America’s manned space program ends today

The sun always shines in space, so it was no surprise when Sir Paul McCartney called the crew of Atlantis, the last Space Shuttle, on Friday and sang Good Day Sunshine to them.

The sun always shines in space, so it was no surprise when Sir Paul McCartney called the crew of Atlantis, the last Space Shuttle, on Friday and sang Good Day Sunshine to them. Later in the day, President Barack Obama called and told the astronauts that their mission “ushers in an exciting new era to push the frontiers of space exploration and human spaceflight.”

Pity it was all happy-face lies.

The last shuttle mission actually ushers in an era when the only hope of getting into space for the few remaining American astronauts will be to hitch a ride on a Russian or Chinese rocket. Most of them will have to find jobs elsewhere.

And however brightly the sun shines, the day when the United States finally gives up on manned space flight is not a good day. (The shuttle Atlantis returns to Earth for the last time today, weather permitting.)

U.S. rockets will still put satellites into orbit. The older ones were built by the military or the National Aeronautics and Space Administration (NASA); the newer models will be built by private companies that claim they can boost cargo into space at a much cheaper price. But they won’t be able to put a human being in orbit for a very long time, if ever.

This is not to say that the U.S. should have kept the shuttles going indefinitely. They weren’t safe: two of the four original shuttles were lost, with 14 crew, in a total of only 135 trips. They were not cost-effective either: they each flew on average only once a year during their 30 years of service.

NASA had perfectly sensible plans to replace the shuttles. In 2004, former president George W. Bush approved an ambitious NASA plan to build a new generation of powerful rockets to deliver people and materials into near-Earth orbit more cheaply, but also to put a permanent manned base on the moon by 2020.

NASA calculated that the Constellation program would cost about $8 billion a year until 2020 (the U.S. defence budget burns through that much every five days). Maybe the cost would have risen considerably over time, but that’s not such a big deal: creating big, new technology always takes longer and costs more.

When Obama cancelled the Constellation project in 2010, he talked about doing things in a “smarter way,” and how private enterprise would develop “space taxis” that would put people into orbit more cheaply.

In reality, however, he was ending federal government support for manned space flight — though he did promise to invest a little more than a billion dollars a year in those “clever” private companies.

That is not serious money: the U.S. defence budget gets through that much every 12 hours.

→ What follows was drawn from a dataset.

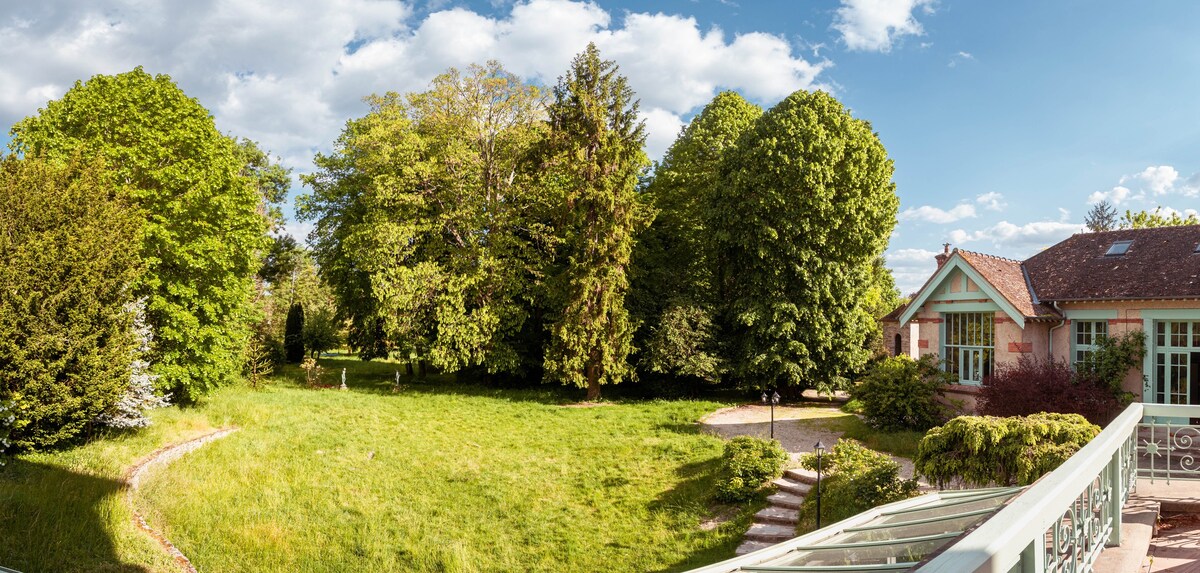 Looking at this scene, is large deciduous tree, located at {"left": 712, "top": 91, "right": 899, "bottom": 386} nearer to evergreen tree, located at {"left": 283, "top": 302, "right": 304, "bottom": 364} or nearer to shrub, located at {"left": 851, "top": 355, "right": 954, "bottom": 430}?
shrub, located at {"left": 851, "top": 355, "right": 954, "bottom": 430}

Lacking federal financial support, the clever companies will concentrate on doing things that make a profit. Putting people into space does not make a profit. Not in the short run, anyway, and the bean-counters are notoriously uninterested in the very long run.

The space entrepreneurs — Virgin Galactic, Northrop Grumman, Interorbital Services, XCOR, Orbital Sciences Corp. and all their rivals — make well-honed pitches about how NASA was a bloated bureaucracy, and how private enterprise will do the same jobs more cheaply and more safely.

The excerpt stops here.